Préchauffez le four à 180°, beurrez un moule à charnière et saupoudrez-le de farine et réservez;
Dans un bol, mélangez la farine et la levure;
Dans un grand bol, à l’aide d’un batteur électrique, mélangez le sucre, l’huile, les œufs, la crème sure, le zeste de citron et la vanille;
Ajoutez-y les ingrédients secs, le sel et mélangez;
Versez la pâte à gâteau dans le moule réservé;
Étendez les bleuets en prenant soin de laisser un peu d espace près des bords du moule
Préparez la couverture “streusel” en mélangeant tous les ingrédients avec vos doigts;
Parsemez uniformément la garniture streusel sur le dessus du gâteau et pressez délicatement pour la faire adhérer à la pâte;
Laissez cuire au centre du four pendant 45 minutes ou jusqu’à ce qu’un cure-dents inséré au centre du gâteau en ressorte sec;
Laissez refroidir complètement avant de démouler le gâteau;
Servez-le tout seul ou avec une boule de crème glacée.

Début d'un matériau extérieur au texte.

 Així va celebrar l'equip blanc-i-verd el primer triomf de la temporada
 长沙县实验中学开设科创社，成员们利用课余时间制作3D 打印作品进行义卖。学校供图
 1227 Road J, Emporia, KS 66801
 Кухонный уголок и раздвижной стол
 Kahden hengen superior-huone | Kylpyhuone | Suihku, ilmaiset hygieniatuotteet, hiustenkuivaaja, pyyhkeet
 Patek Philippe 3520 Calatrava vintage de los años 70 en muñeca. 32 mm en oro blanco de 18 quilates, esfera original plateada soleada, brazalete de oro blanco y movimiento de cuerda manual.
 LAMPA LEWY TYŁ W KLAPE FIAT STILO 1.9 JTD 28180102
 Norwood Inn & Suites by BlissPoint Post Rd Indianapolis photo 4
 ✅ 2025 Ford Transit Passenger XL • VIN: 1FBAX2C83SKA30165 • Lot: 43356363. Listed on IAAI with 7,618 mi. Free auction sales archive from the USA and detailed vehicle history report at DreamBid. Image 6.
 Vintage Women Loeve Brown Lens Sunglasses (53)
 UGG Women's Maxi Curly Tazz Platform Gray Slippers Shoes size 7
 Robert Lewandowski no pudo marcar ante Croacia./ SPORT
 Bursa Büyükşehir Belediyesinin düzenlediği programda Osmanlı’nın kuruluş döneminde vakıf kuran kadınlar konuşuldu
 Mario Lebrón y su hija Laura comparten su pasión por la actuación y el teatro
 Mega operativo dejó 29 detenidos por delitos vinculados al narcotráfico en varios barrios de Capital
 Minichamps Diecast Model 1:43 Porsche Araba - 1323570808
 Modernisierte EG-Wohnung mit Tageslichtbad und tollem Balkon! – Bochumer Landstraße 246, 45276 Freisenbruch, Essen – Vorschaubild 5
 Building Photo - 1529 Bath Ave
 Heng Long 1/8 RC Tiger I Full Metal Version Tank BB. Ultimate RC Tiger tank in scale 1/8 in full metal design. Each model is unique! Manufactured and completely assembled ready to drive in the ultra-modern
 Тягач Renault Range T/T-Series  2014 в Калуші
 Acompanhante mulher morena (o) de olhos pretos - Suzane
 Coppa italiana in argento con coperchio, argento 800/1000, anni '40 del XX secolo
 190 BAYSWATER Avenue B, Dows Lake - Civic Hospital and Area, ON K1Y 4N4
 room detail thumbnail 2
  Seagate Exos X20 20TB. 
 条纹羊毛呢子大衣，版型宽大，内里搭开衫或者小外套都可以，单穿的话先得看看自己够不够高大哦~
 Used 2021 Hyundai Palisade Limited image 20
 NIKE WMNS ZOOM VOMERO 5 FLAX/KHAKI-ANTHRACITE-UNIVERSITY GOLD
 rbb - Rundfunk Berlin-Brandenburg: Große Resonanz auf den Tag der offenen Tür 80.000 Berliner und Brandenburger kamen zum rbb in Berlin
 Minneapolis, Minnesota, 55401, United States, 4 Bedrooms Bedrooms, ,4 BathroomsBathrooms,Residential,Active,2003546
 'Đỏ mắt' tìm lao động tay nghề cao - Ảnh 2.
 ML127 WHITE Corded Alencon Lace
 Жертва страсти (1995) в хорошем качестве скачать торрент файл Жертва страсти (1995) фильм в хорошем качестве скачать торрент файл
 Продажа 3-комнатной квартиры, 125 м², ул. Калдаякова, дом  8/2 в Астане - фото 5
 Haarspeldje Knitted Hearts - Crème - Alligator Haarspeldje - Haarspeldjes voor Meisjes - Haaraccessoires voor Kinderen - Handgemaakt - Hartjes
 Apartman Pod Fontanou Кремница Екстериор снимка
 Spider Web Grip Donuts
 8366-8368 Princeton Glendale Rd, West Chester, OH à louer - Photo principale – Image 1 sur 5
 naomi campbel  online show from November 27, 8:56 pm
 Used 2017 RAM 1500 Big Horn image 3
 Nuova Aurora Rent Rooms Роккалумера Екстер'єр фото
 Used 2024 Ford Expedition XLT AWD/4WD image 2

Torta “streusel” ai mirtilli

streusel cake with blueberries

Per la base
110 gr. di burro a temperatura ambiente + per lo stampo
170 gr. di zucchero
2 uova
200 gr. panna acida (o yogurt greco)
2 uova
260 gr. di farina 00
1 cucchiaino di lievito
¼ cucchiaino di bicarbonato
¼ cucchiaino di essenza di vaniglia
La buccia di mezzo limone
Un pizzico di sale
Circa 300 gr. di mirtilli

Per la copertura “streusel”:
130 gr. di farina
90 gr. di zucchero
La buccia dell’altra metà di limone
110 gr. di burro a temperatura ambiente


Preriscaldare il forno a 180 °, imburrate uno stampo e cospargetelo con un po’ di farina, tenete da parte;
In una ciotola setacciate farina e lievito;
In una ciotola a parte (o quella del mixer) mescolate bene lo zucchero, il burro, le uova, la panna acida, la scorza di limone e la vaniglia;
Aggiungete gli ingredienti secchi, il sale e mescolate;
Versare l’impasto nella stampo messo da parte;
Coprite uniformemente la superficie dell’impasto con i mirtilli lasciando un po’ spazio libero ai bordi dello stampo;
Preparare la copertura “streusel” mescolando tutti gli ingredienti con le dita;
Guarnite uniformemente i mirtilli con l’impasto streusel, fare un po’ di pressione per far aderire la copertura al resto del dolce crudo;
Cuocete al centro del forno per 45 minuti o fino a quando uno stuzzicadenti inserito al centro della torta non uscirà asciutto;
Lasciate raffreddare completamente prima di sformare la torta;
Servire la torta “streusel” ai mirtilli da sola o con una pallina di gelato alla vaniglia.